What you return must be every line below that includes the word "Beige".

• **SUPPLIED MATERIAL**:
┄┄┄┄┄┄

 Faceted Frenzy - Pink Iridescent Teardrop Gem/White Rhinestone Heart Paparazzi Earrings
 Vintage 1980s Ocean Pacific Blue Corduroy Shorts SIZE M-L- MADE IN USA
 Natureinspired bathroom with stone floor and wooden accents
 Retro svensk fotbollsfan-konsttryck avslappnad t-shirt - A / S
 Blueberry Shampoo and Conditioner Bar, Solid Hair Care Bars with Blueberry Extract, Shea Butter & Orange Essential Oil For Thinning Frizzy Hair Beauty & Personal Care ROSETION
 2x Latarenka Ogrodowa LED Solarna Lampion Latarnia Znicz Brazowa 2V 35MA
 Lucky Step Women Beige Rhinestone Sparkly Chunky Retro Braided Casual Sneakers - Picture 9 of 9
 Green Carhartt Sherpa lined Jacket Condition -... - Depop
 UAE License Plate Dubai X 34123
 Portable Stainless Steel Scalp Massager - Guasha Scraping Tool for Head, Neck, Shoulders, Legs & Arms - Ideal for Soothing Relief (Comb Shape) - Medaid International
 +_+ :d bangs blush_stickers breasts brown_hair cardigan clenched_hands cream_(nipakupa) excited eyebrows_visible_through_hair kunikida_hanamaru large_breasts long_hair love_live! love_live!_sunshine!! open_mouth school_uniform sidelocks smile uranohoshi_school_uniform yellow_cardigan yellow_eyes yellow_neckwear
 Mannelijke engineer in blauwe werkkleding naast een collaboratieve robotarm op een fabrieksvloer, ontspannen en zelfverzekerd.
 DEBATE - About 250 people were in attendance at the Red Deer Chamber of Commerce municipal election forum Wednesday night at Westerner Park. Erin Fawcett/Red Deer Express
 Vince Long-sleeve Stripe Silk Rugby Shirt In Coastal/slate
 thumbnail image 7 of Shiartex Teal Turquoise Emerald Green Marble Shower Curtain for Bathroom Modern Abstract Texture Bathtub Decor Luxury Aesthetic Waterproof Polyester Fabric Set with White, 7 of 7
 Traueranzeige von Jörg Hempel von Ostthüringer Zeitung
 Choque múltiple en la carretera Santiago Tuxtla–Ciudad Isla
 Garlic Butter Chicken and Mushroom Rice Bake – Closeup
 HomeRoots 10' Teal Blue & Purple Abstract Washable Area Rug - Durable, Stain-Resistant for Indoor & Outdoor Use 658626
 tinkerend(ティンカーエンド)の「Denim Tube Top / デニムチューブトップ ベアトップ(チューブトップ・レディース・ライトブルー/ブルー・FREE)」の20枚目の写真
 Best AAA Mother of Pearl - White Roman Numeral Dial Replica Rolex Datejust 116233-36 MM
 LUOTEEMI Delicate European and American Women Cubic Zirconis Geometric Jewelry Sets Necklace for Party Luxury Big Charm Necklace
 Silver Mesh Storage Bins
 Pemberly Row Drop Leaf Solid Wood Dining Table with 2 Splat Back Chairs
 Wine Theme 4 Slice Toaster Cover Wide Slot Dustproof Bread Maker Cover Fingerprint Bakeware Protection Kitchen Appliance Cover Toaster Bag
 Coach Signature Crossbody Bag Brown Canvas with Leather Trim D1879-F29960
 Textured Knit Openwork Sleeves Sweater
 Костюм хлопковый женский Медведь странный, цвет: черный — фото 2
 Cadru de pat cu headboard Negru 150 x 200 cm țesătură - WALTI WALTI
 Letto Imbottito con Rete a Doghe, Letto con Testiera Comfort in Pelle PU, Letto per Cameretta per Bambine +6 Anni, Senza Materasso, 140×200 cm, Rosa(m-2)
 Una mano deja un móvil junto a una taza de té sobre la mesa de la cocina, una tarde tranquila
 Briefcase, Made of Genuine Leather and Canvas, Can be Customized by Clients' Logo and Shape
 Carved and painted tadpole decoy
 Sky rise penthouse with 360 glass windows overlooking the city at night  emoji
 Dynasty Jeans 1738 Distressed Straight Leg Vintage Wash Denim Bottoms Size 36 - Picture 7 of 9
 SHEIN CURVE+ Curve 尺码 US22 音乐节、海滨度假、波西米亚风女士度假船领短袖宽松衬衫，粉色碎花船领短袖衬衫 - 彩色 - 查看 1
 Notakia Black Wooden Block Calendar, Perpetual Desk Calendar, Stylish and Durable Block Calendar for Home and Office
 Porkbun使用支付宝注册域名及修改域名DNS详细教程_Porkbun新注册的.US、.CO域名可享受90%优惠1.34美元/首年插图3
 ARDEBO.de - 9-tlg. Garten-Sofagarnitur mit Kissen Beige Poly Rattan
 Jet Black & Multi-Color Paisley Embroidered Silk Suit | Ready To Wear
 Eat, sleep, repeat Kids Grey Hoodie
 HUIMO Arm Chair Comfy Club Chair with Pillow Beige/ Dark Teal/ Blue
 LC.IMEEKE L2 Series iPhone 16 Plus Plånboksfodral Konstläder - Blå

┄┄┄┄┄┄

• **YOUR SOLUTION**:
 Lucky Step Women Beige Rhinestone Sparkly Chunky Retro Braided Casual Sneakers - Picture 9 of 9
 ARDEBO.de - 9-tlg. Garten-Sofagarnitur mit Kissen Beige Poly Rattan
 HUIMO Arm Chair Comfy Club Chair with Pillow Beige/ Dark Teal/ Blue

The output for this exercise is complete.